Hazine ve Maliye Bakanlığı (Gelir İdaresi
Başkanlığı)’ndan:
GELİR VERGİSİ GENEL TEBLİĞİ
(SERİ NO: 320)
BİRİNCİ BÖLÜM
Başlangıç Hükümleri
Amaç ve
kapsam
MADDE 1- (1) Bu Tebliğin amacı, 31/12/1960 tarihli ve 193
sayılı Gelir Vergisi Kanununda, 14/10/2021 tarihli ve 7338 sayılı Vergi
Usul Kanunu ile Bazı Kanunlarda Değişiklik Yapılmasına Dair Kanunla yapılan
değişiklikler ile 193 sayılı Kanunla ilgili diğer bazı hususların
açıklanmasına ilişkin usul ve esasları düzenlemektir.
İKİNCİ BÖLÜM
Basit Usulde Tespit Olunan Kazançlarda Gelir
Vergisi İstisnası
Yasal
düzenleme
MADDE 2- (1) 7338 sayılı Kanunun 1 inci maddesi ile 193
sayılı Kanuna başlığı ile birlikte aşağıdaki madde eklenmiştir.
“Basit usulde tespit olunan kazançlarda gelir
vergisi istisnası:
MÜKERRER MADDE 20/A- Bu Kanuna göre kazançları
basit usulde tespit olunan mükelleflerin 46 ncı maddeye göre tespit edilen
kazançları gelir vergisinden müstesnadır.”

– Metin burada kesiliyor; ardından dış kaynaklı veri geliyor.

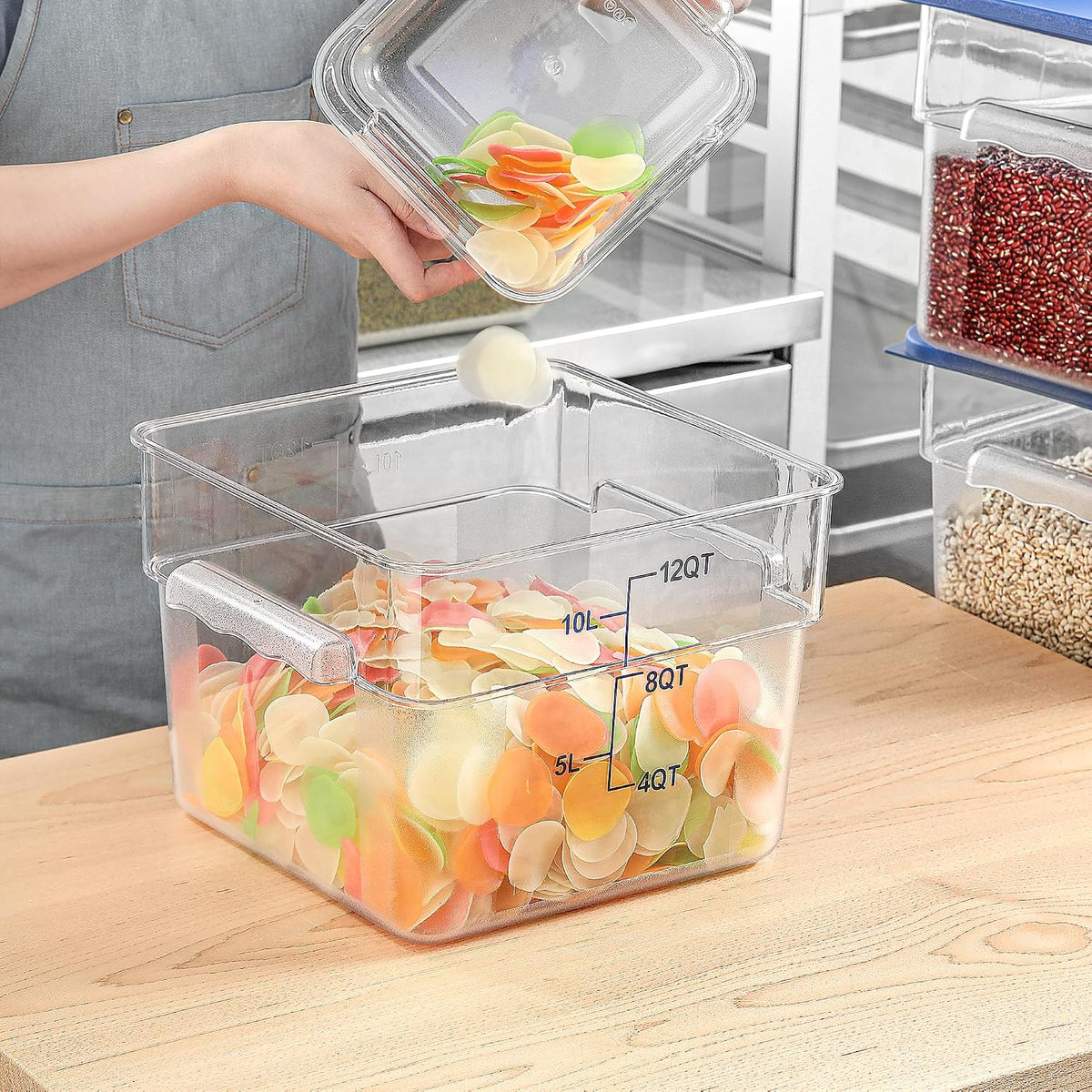 8 Pcs 12 QT Food Storage Container with Blue Lids, Handle BPA-Free Polycarbonate Hot Cold Resistant Large Square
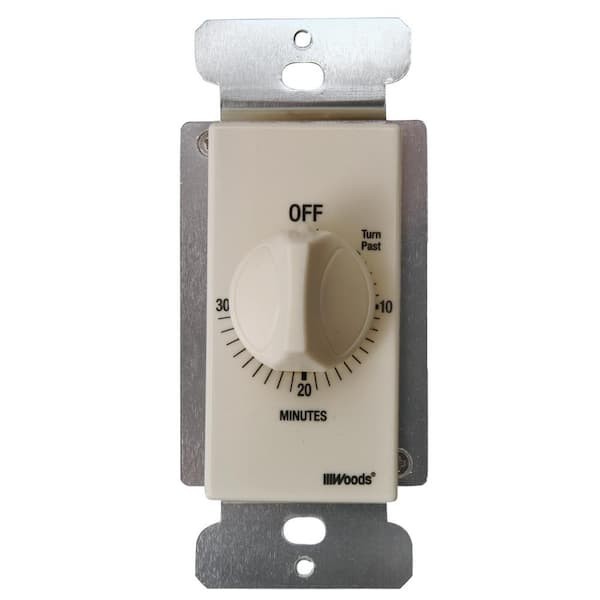 20-Amp 30-Minute In-Wall Spring Wound Countdown Timer Switch, Almond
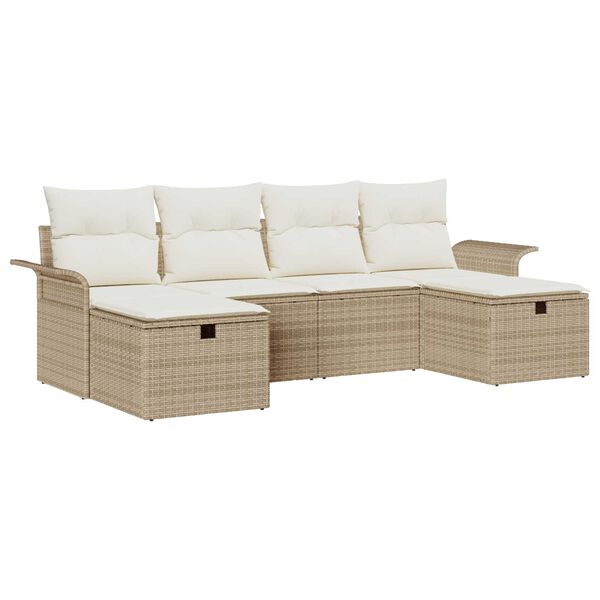 vidaXL Tuin Sofa Set met kussen met opslag 6 pcs Beige Poly riet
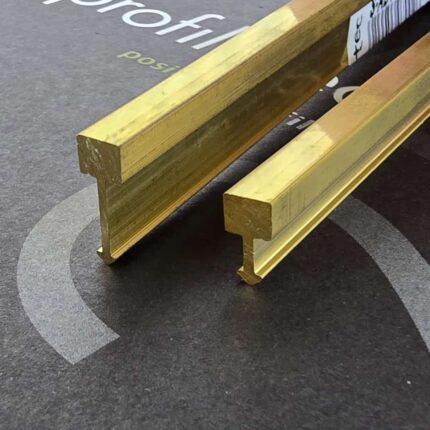 Inserție șlefubilă din alamă naturală Linetec PQ-ON, 10×8/10×10 mm, L=2.7 m – Profil decorativ elegant pentru treceri între pardoseli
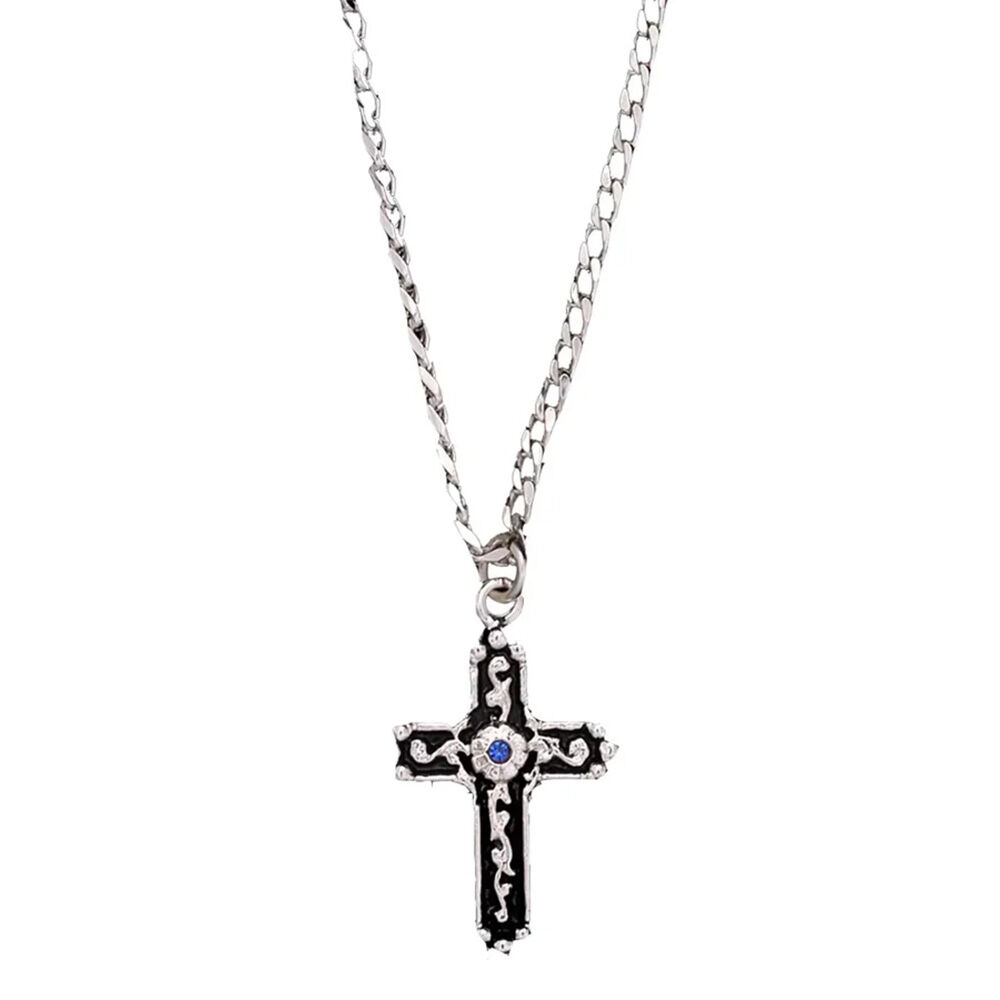 image of Men's Inlay Blue Stone Cross Necklace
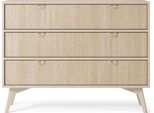 Cassettiera, Credenza - Elegante Curva E Marrone - Facile Montaggio Con 3 Cassetti (L: 106Cm X H: 80Cm X P:38Cm)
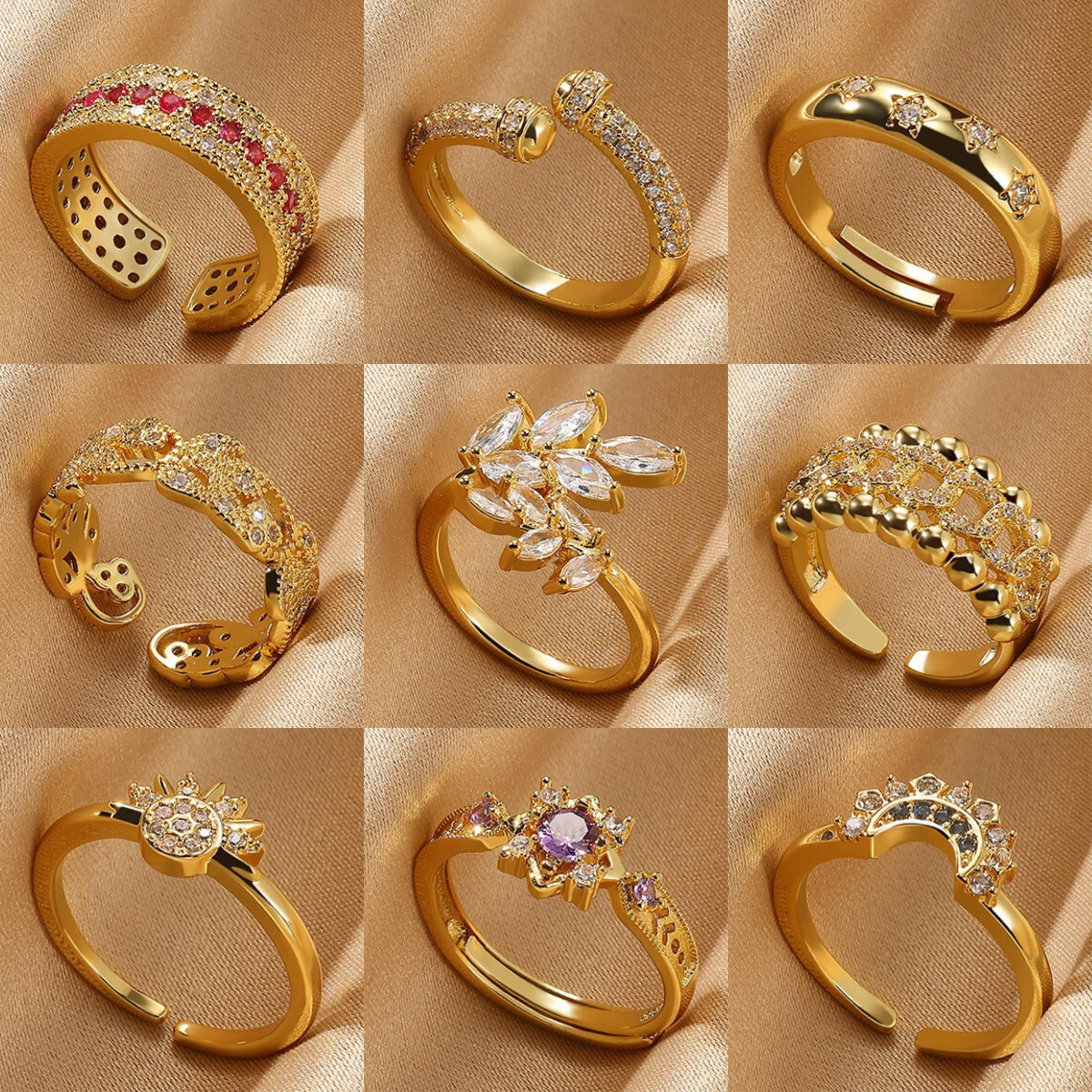 Copper Plated 18K Gold Color Zircon Ring, Luxury Minimalist INS Style Leaf Band Jewelry For Women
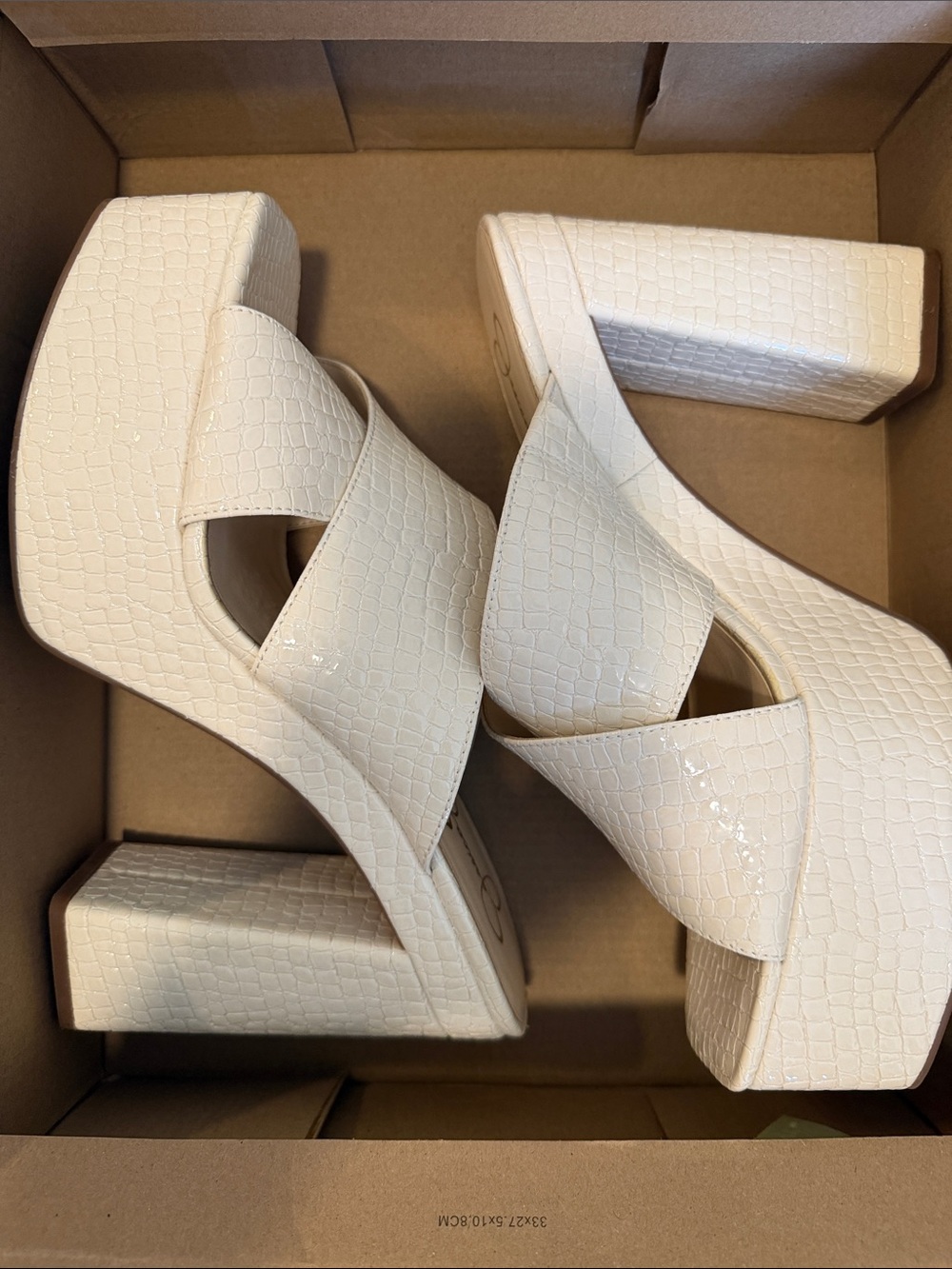 Jessica Simpson Ivory Croc-Embossed Crisscross Slide Mules - Picture 4 of 5
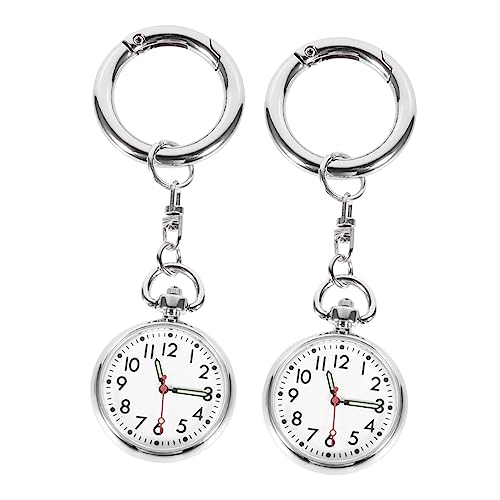 NUOBESTY 2-Teiliger Schlüssel-Ultra-Armbanduhr Für Ältere Menschen Graduierung Schallplatten-Stil Glas-Zifferblatt Schlüsselanhänger Für Kleine Uhren Praktische Kette von NUOBESTY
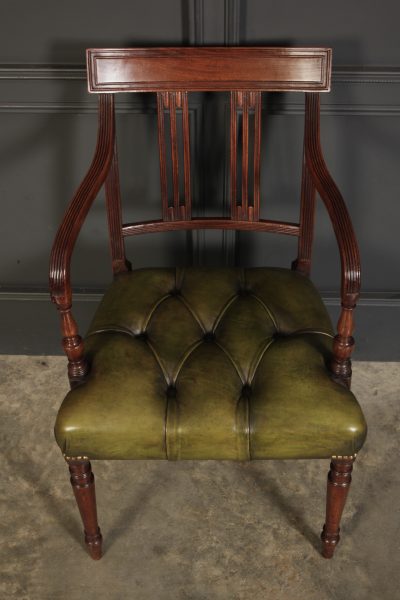 Pair Of George III Mahogany & Leather Chairs - Image 4
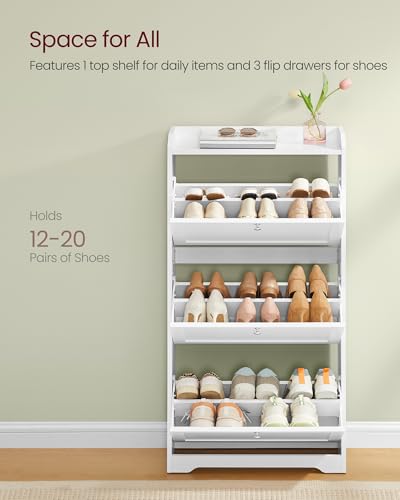 VASAGLE Cloud White Shoe Storage Cabinet with 3 Flip Drawers, Slim 9.5"D x 23.6"W x 47.7"H, Holds 12-20 Pairs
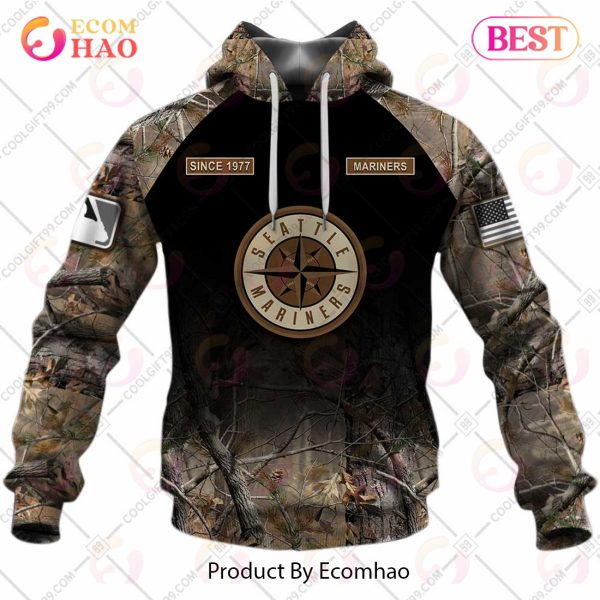Personalized MLB Seattle Mariners Hunting Camouflage 3D Hoodie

(2) 7338 sayılı Kanunun 4 üncü ve 5 inci maddeleri
ile 193 sayılı Kanunun 46 ncı ve 89 uncu maddelerinde, istisna
düzenlemesine uygun olarak bazı ibare değişiklikleri yapılmış ve bazı
düzenlemeler yürürlükten kaldırılmıştır.
Basit
usulde kazanç tespitinde genel esaslar
MADDE 3- (1) Kendi işinde bilfiil çalışan veya bulunan, 193
sayılı Kanunun 47 nci maddesinde belirtilen kira tutarını (2021 takvim yılı
için büyükşehir belediye sınırları içinde kalan yerler için 12.000 TL,
diğer yerler için 7.600 TL, 2022 takvim yılı için büyükşehir belediye
sınırları içinde kalan yerler için 16.000 TL, diğer yerler için 10.000 TL)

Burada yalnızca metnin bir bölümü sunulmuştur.